About this exercise: Please copy exactly the lines that begin with the one containing "4th image of 4526 Francis St" and end with the last line of the entries.

(Input Opens)

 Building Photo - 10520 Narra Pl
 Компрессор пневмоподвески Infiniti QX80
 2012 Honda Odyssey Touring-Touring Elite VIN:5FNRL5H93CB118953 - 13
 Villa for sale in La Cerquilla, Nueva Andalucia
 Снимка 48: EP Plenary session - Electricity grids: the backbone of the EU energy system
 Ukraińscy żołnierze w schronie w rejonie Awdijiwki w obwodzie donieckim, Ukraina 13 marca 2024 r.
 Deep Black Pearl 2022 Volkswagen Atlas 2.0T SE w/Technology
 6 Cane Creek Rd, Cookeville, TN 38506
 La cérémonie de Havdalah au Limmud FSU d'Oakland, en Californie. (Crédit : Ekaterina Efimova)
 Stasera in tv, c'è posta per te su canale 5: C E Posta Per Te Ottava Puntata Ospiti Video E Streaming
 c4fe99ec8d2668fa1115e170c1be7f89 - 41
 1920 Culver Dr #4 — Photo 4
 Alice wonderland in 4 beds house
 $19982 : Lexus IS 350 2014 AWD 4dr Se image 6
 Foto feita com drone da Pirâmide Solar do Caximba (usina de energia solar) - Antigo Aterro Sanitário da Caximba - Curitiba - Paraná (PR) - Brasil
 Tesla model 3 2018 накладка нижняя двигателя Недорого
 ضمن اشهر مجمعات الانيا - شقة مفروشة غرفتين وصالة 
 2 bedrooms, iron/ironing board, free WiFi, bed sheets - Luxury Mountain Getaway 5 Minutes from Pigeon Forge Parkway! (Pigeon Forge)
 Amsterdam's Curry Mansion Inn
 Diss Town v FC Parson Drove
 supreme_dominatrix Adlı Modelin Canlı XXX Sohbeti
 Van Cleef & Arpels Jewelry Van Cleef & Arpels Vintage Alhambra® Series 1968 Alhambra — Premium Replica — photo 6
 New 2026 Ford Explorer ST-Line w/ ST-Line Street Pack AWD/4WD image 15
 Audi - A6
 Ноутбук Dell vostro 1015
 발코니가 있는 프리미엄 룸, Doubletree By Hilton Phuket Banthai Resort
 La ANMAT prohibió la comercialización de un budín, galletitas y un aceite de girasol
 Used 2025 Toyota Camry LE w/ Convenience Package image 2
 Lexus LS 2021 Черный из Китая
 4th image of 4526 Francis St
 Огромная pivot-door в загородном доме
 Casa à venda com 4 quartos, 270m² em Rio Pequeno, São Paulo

(Input Closes)

Result of the task:
 4th image of 4526 Francis St
 Огромная pivot-door в загородном доме
 Casa à venda com 4 quartos, 270m² em Rio Pequeno, São Paulo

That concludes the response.